SNP genotyping and sequencing

Genomic DNA TaqMan polymerase chain reaction (PCR) was performed on a StepOne Plus instrument (Applied Biosystems, Foster City, CA). After 40 amplification cycles, threshold cycle values were automatically calculated, and the individual SNP genotypes were called by the StepOne software version 2.0 (Applied Biosystems). For genotyping by sequencing, PCR products were purified after PCR amplification using MinElute 96 UF Plates (QIAGEN, Germantown, MD), and Sanger sequencing was performed by Big Dye Terminator (version 3.1) chemistry using capillary electrophoresis on an Applied Biosystem 3730XL DNA Analyzer.

Results

Clinical characteristics

Patients were enrolled into their respective studies as previously described.^17-21 Briefly, all patients with a history of clinically overt stroke (n = 177) were between 5 and 18 years old at enrollment and were receiving long-term transfusion therapy for prevention of secondary stroke. These patients had experienced a verified primary (index) clinical stroke event at a median age of 6 years and all before they were 15 years old. In contrast, the children selected as nonstroke control patients (n = 335) were at least 5 years old at enrollment, were without previous clinical stroke, and did not have any imaging evidence of silent infarcts before beginning any clinical treatment. The average age of the 2 cohorts at enrollment into their respective studies was not significantly different (12.1 ± 4.1 years for patients with stroke vs 12.9 ± 3.7 years for nonstroke control patients), and the sex distribution was also similar (54.2% boys for the stroke cohort vs 54.6% boys for the nonstroke control cohort).

SNP GWAS

After quality-control procedures, we interrogated more than 770 000 SNP markers for any association with stroke, comparing the genotype results for all patients with stroke (n = 177) with the nonstroke cohort (n = 335). We corrected for population stratification using the EIGENSTRAT method to perform principal component correction for the first 5 principal components, and the quantile-quantile plot of the association data showed no early departure of the observed P values from the null (Figure 1). This trend suggests that our findings are unlikely to be influenced by poor genotyping, sample relatedness, or population stratification after PCA correction. A total of 139 SNPs were identified as being associated with stroke (P < .0001), but none of these SNP results passed a genome-wide significance threshold (P < 5 × 10⁻⁸). The Manhattan plot of the GWAS results shows peaks of significant association on chromosomes 12 and 15 (Figure 2). The SNP that had the strongest association with stroke resided in the GABA(A) receptors associated protein-like 3 pseudogene on chromosome 15. The top 10 SNP markers identified by GWAS are listed in Table 2. Although none of the P values achieved a genome-wide significance level (P < 5 × 10⁻⁸), these results offered suggestive signals of potential associations.

Figure 1

View large Download PPT

Quantile-quantile plot of the GWAS data. The quantile-quantile plot of the GWAS stroke association results is shown using ∼770 000 SNPs. The GWAS compared the 177 patients with stroke with the 335 control patients without stroke. The quantile-quantile plot showed good correlation between observed and expected P values, and no evidence of genomic inflation was found (mean λ = 1.07; median λ = 1.06).

Figure 2

View large Download PPT

Manhattan plot of GWAS SNP6.0 array results. For each SNP analyzed, the significance of the association is given by the –Log₁₀ (P value) as determined by the Cochran-Armitage test.

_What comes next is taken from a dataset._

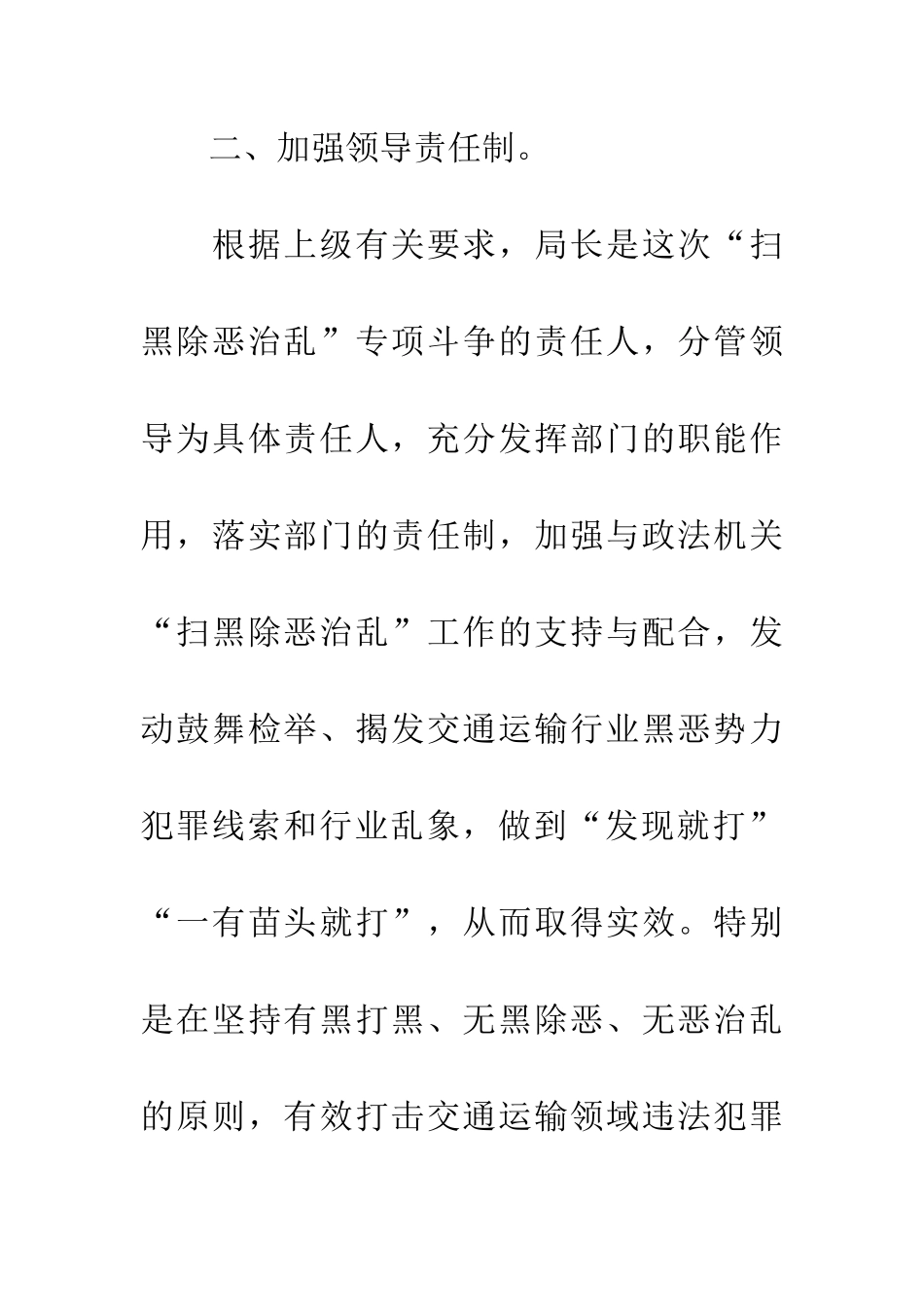 行业乱象整治情况报告_第3页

Exome sequencing and validation

Because GWAS generally identifies linked genetic variants rather than actual disease-causing variants, we next performed WES to identify all variants affecting protein coding in every exon in the human genome. To minimize labor and cost, we took advantage of the dichotomous phenotype of interest to generate random DNA pools of stroke or control samples. Analysis of these pooled samples provided a rapid method to screen the entire exome for mutations linked with stroke. Similar pooling strategies have successfully identified variant enrichment in previous case-control studies, with subsequent direct genotyping of individual DNA samples required to verify any associations.^22-24 We performed a 2-step genetic association analysis by randomly dividing our stroke cohort (n = 177) and our nonstroke control cohort (n = 335) into 2 discovery and validation sets. Our strategy was to identify variants associated with stroke by WES in the discovery group and then test specific candidate variants in the validation step. The discovery step compared 120 patients with stroke with 104 nonstroke control patients, whereas the validation step compared 57 stroke samples with 231 nonstroke controls. Within the discovery cohort, we performed exome sequencing of 2 pooled stroke groups (n = 60 samples per pool, 120 samples total) and 2 pooled control groups (n = 52 samples per pool, 104 samples total). We obtained ∼821 million reads, which generated, on average, 17.4 billion base pairs of sequence data per pool. At a threshold of 100 times coverage per base, ∼60% of the sequence data were on target for all 4 DNA pools (Table 1). There were 13 302 SNP markers on the Affymetrix SNP 6.0 arrays that were also present in the 50Mb-targeted WES regions. A total of 10 376 (78.0%) of these SNP markers genotyped individually by the SNP 6.0 arrays were also captured by the pooled WES at a coverage of more than 20 times. When the minor allele frequencies of these variants obtained by the genotyping methods were compared, there was a high degree of correlation for each DNA pool (Table 1, supplemental Figure 1).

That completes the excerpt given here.